WHAT TO WORK ON
Reproduce, unchanged, the lines between the one holding "Park Pools with" and the last line of the records, including both ends, but no pictures.

SUPPLIED RECORDS

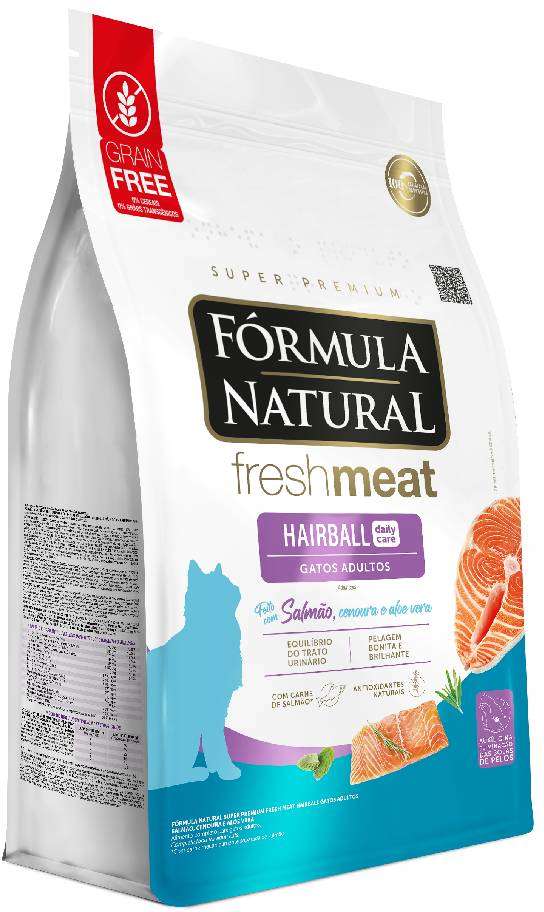 Ração Seca Fórmula Natural Hairball para Gatos Adultos Sabor Salmão com Cenoura - 7Kg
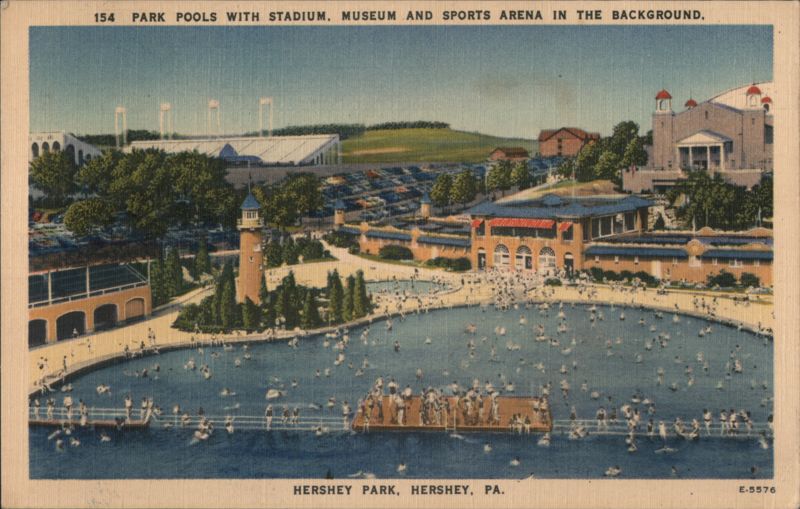 Park Pools with Stadium, Museum and Sports Arena HERSHEY Pennsylvania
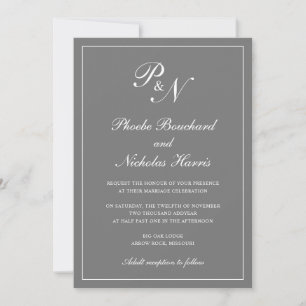 Invitation Élégant Monogramme formel Mariage gris simple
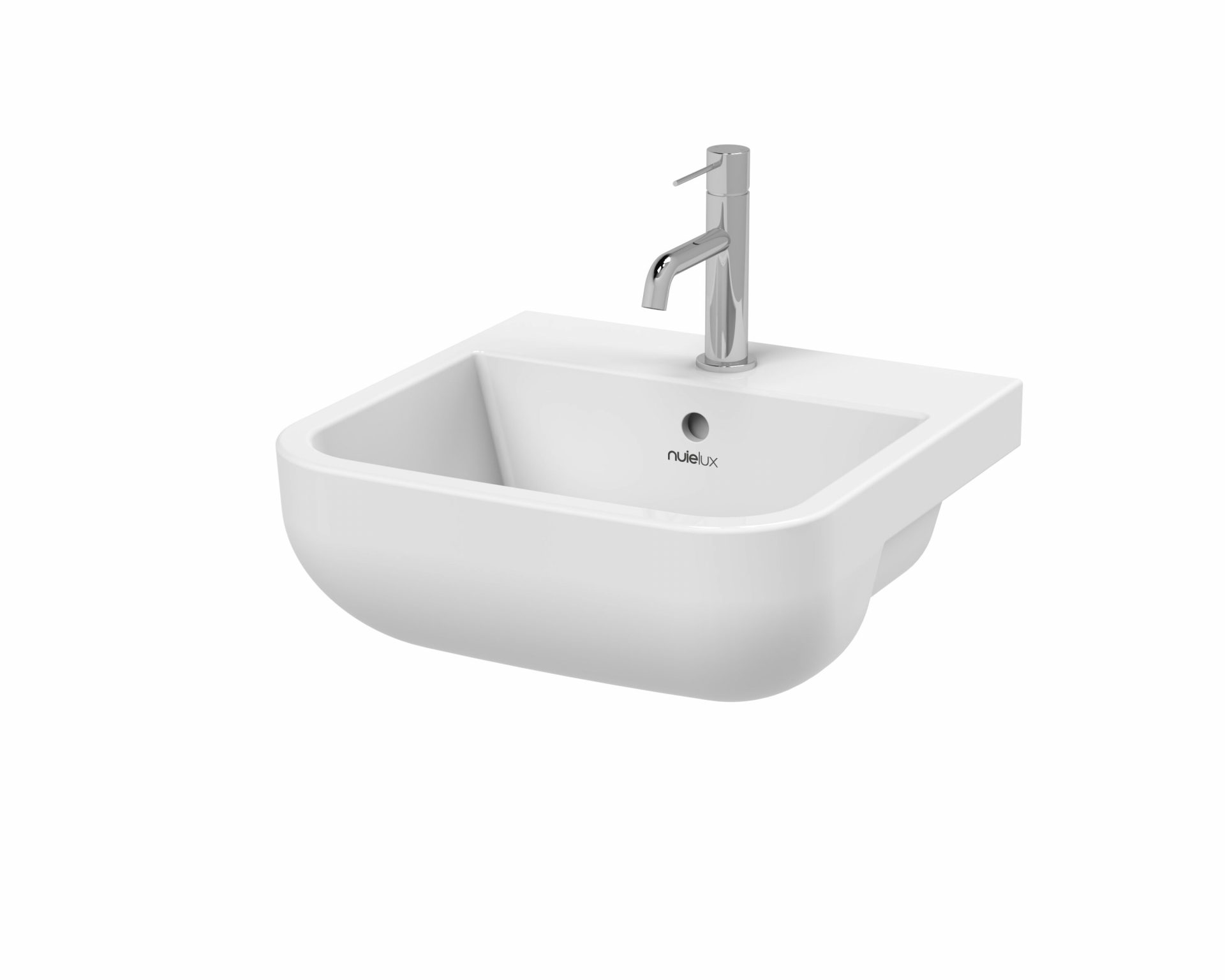 Nuie Lux 1TH 420mm Ceramic Square Semi-Recessed Basin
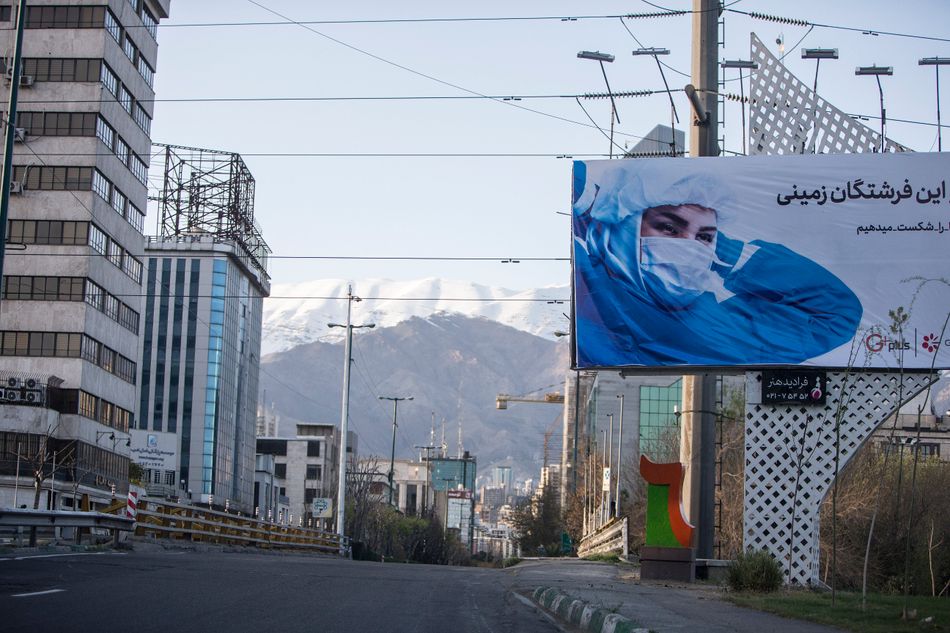 A photo on March 20, 2020, shows an empty street in Tehran, Iran.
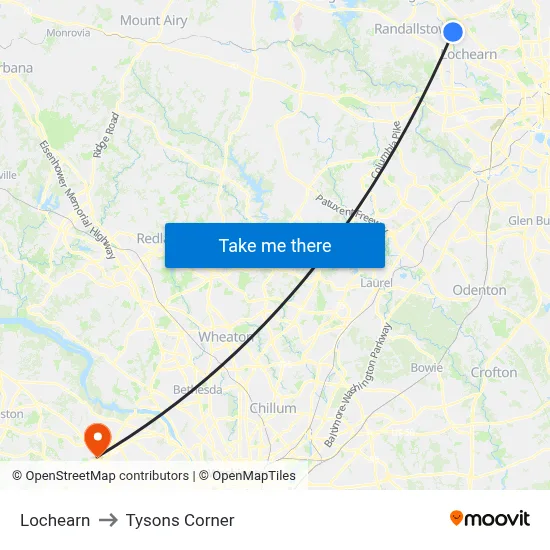 Lochearn to Tysons Corner map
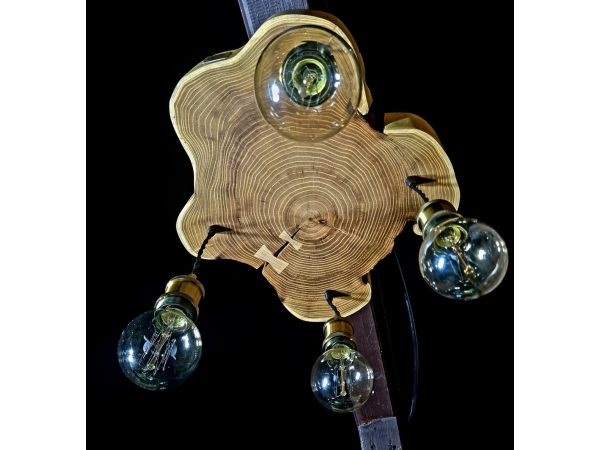Lampa loftowa z plastra robinii akacjowej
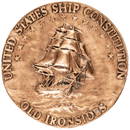 Superb USS Constitution Metal Plaque with Display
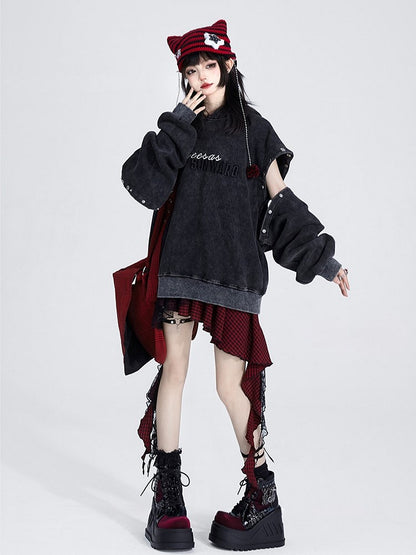 Detachable Sleeves with Black Hoodie Lettering Embroidered Vintage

SOLUTION TO THE EXERCISE
 Park Pools with Stadium, Museum and Sports Arena HERSHEY Pennsylvania
 Invitation Élégant Monogramme formel Mariage gris simple
 Nuie Lux 1TH 420mm Ceramic Square Semi-Recessed Basin
 A photo on March 20, 2020, shows an empty street in Tehran, Iran.
 Lochearn to Tysons Corner map
Lampa loftowa z plastra robinii akacjowej
 Superb USS Constitution Metal Plaque with Display
 Detachable Sleeves with Black Hoodie Lettering Embroidered Vintage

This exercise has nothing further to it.